Investor Kevin O’Leary is pushing back against President Donald Trump’s plans for a 50-year mortgage, warning that it would deepen the country's housing affordability crisis rather than solve it.
Calls It A ‘Bad Policy’
According to O'Leary, the underlying issue isn't creative loan structures but the end of an era in which Americans grew accustomed to unusually cheap borrowing.
For “almost 22 years,” he noted, mortgage rates were extraordinarily low at 3.8% to 4.5%, when they historically stood at between 5.5% to 7.5%, going as high as 17.5% during certain periods, while appearing on Fox Business’ “The Bottom Line” on Wednesday.
O’Leary said that with inflation still at 3%, it will be hard for the Federal Reserve to lower rates further, making long-term affordability a structural challenge. He warned that Trump’s 50-year mortgage plan only extends this problem rather than fixing it.
He said that such a mortgage plan ignores basic financial realities for most Americans. For many Americans purchasing their first home around age 40, the math simply doesn't work. “You will be dead before the mortgage [is] paid off, you will never own the house.”

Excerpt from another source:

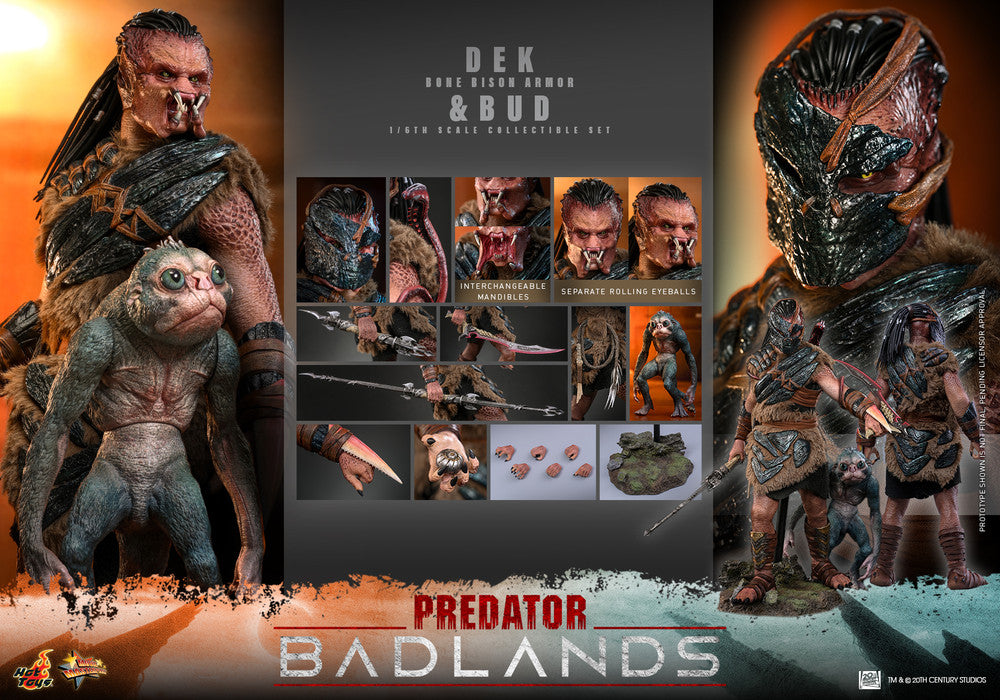 Preventa Figuras Dek (Bone Bison Armor) & Bud (SET) - Predator: Badlands marca Hot Toys MMS873 escala 1/6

O’Leary warned that the long-term financial consequences are even steeper than most buyers assume, as they would end up paying a significant amount in interest, just to save “$200 a month.” In his view, the plan amounts to “bad policy.”
You ‘Save Almost Nothing’
Economist Justin Wolfers echoed similar concerns, noting that the interest rate on a 50-year mortgage would be at least “half [a] percent or even one percent higher than it would be under 30,” which he said would result in very small savings.
“So you save almost nothing on the monthly mortgage and you have to pay for another 20 years,” Wolfers said, highlighting the impracticality of the plan.

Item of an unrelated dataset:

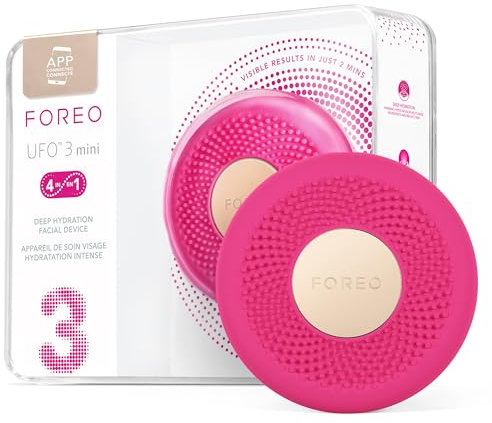 FOREO UFO 3 mini 4-in-1 Face Mask Skincare Device, Face Moisturiser, Anti-Aging, Full Spectrum LED & Red Light Therapy, Thermo Therapy, T-Sonic Facial Massage, App-connected, Fuchsia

Trump’s plan has since received pushback from within his own party, with Rep. Marjorie Taylor Greene (R-Ga.) opposing it, saying, “I don’t like 50-year mortgages as the solution to the housing affordability crisis … In debt forever, in debt for life,” in a post on X.

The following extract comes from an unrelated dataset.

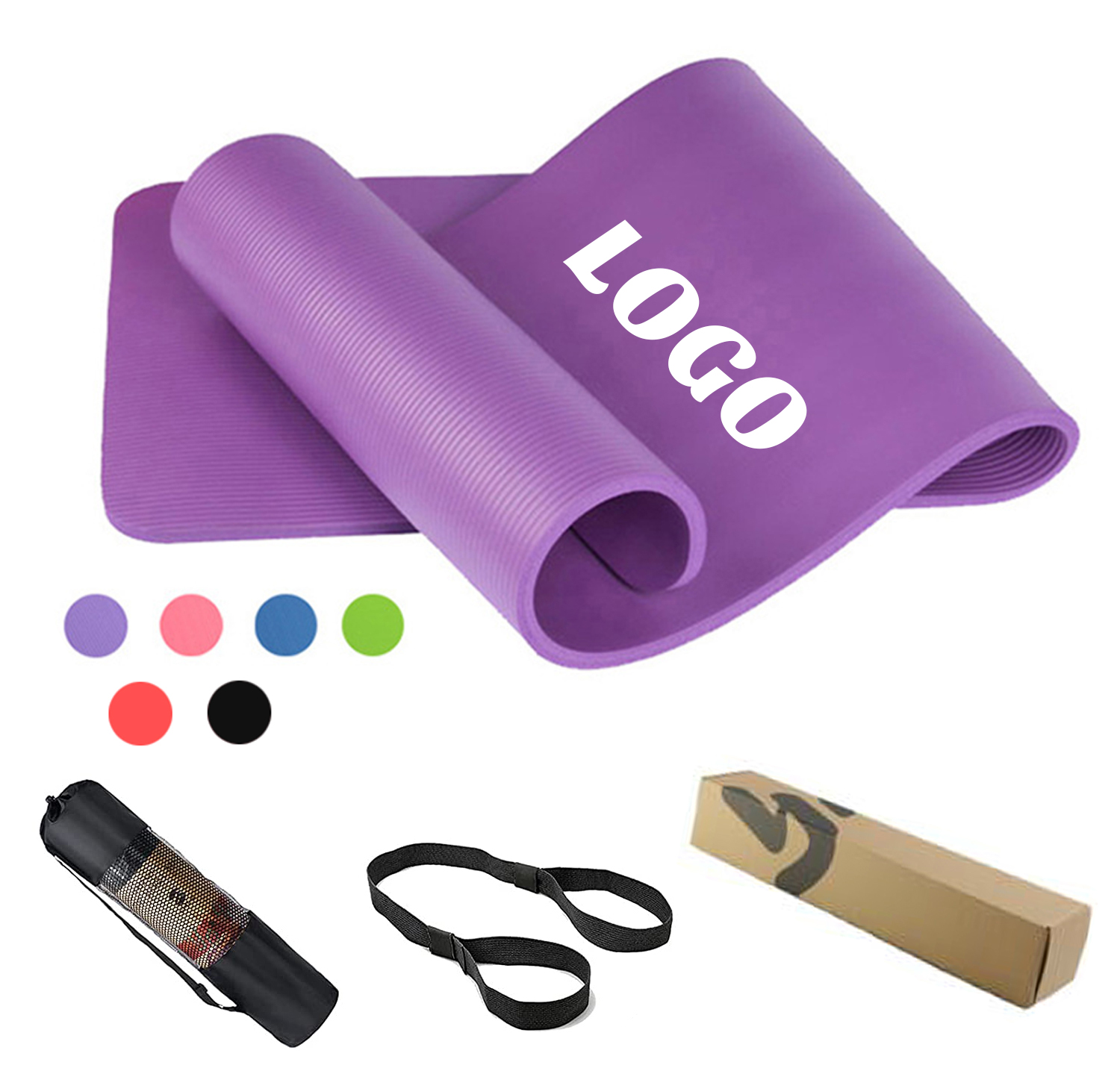 Custom 8 10 20mm Eco Friendly Foldable Exercise Gym Pilates Yogamat Matt Tapete Natural Nbr Mat De Yoga Mat with Logo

Greene suggested other options to deal with the crisis, such as stopping large corporations from buying single-family homes and eliminating capital gains taxes on the sale of primary homes.
“This will help people keep the equity they have earned owning their home for a very long time and likely allow them to lower the price of their home for sale since they won’t be paying taxes after they sell their home,” she said.